Records from a dataset:
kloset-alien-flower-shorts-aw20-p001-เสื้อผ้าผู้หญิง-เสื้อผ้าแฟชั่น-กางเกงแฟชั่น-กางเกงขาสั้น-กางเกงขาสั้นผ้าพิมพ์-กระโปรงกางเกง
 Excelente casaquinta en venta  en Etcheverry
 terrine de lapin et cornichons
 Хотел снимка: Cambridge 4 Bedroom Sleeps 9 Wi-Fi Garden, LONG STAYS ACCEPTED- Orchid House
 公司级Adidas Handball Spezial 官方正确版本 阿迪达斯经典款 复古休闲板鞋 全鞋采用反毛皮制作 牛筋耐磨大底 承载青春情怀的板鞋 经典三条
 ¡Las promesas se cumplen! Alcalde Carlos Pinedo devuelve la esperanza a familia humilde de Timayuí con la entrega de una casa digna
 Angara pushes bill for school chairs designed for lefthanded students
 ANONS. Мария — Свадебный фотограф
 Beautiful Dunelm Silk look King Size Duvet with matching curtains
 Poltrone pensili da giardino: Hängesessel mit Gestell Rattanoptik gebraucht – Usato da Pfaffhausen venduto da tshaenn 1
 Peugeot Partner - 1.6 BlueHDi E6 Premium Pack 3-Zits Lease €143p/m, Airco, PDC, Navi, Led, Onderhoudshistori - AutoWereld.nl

**ACTIVITY**
Copy, without any change, the lines from the one that contains "Poltrone pensili da" to the final line of the entries above.

**SOLVED EXERCISE**
 Poltrone pensili da giardino: Hängesessel mit Gestell Rattanoptik gebraucht – Usato da Pfaffhausen venduto da tshaenn 1
 Peugeot Partner - 1.6 BlueHDi E6 Premium Pack 3-Zits Lease €143p/m, Airco, PDC, Navi, Led, Onderhoudshistori - AutoWereld.nl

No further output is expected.